What I discovered was this: a handful of immigrant Jewish men settled on 20 acres along the road in 1888, naming their community Garton Road for local lumber merchant Henry Garton. After clearing sites for small houses and a farm, the men sent for their families, and together the community learned how to grow vegetables like corn, strawberries and beans. One of the defining characteristics of the group was their devotion to agriculture, continuing to work the farm when many in the neighboring communities turned to other ways of making a living.
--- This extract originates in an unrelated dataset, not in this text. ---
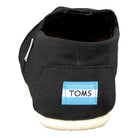 The Classic Canvas - Men slip-on by TOMS is shown from the back in black canvas, with a light blue and white TOMS label on the heel and finished with a white rubber sole.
Religion, of course, was an important factor of life at Garton Road, and the devout Orthodox residents walked to the Rosenhayn synagogue to attend sabbath and holiday services. The arrangement lasted only a few years; older members found the three mile trek taxing, leading the group to form its own congregation in 1890.

According to the Jewish Federation of Cumberland, Gloucester and Salem Counties, Garton Road's Beth Israel congregation met in a member's home as they saved funds to build a shul of their own. The owner of New York's Yiddish Theatre loaned them the rest of the necessary money and the building was erected. Still, though, the congregation had no rabbi of its own, counting on the wisdom of some of its more learned members for guidance.

When I stopped by to see the shul, I was awed by the fact that an entire community of devout worshipers could make do with such a small synagogue. It's hard to believe there's a balcony in there, where women attended services hidden from view by a curtain, per the Orthodox tradition. As many as 20 children at a time crowded into the building's entryway for religious instruction, and attendance swelled when the pleasurenikers stayed for the summer. Somehow, more than 150 congregants were able to worship in the structure each Sabbath.

The small building has seen highs and lows along with the community it serves, with farm foreclosures and the Great Depression reducing the population in the 30s and the influx of German Jews fleeing for the safety of New Jersey enlarging the group during World War II. By the 1970's, however, the early congregants had died and their children had moved away to build lives in more developed areas. Better road systems and transportation made it easier for those who remained to attend services in larger temples in Bridgeton and elsewhere. The little shul opened only during the High Holidays.

Today, the Garton Road Shul is cared for by members of the Ostroff family, descendants of a family that came to the community from Russia in 1898. While I was only able to see the outside of the building when I visited, I can safely say they're doing a wonderful job. The white doors and clapboard walls look fresh, clean and unweathered, as if they were recently painted, and I could easily imagine that congregants had been there just hours before for Shabbat services. Surely, if the community's founders could see it, they'd be kvelling.



1 comment:

  1. You should contact the Ostroff family and arrange to return to tour the interior. Also, there are other synagogues in the area still standing. The first building of Bridgeton's Congregation Beth Abraham is now a church (111 N Laurel Street), but you can still see a Star Of David in the bricks above the entrance. Woodbine's Brotherhood Synagogue (612 Washington Avenue) is now a museum. The Brotmanville Shul (1176 Gershal Ave) is now a church. Carmel's Temple Beth Hillel (547 Irving Ave) is an active synagogue (merged with Bridgeton's Beth Abraham some years ago). Norma's Tifereth Israel (Gershal Ave & Shiff Ave) is seemingly unused, though looked after. Crown Of Israel Synagogue (somewhere in Monroeville/Elmer) also seems unused. Ahavas Achim in Norma (Almond Rd & Wallace St) might be a house now, but you can still see a Star of David design in the top windows on the sides of the building facing both Wallace Street and Almond Road (further from street).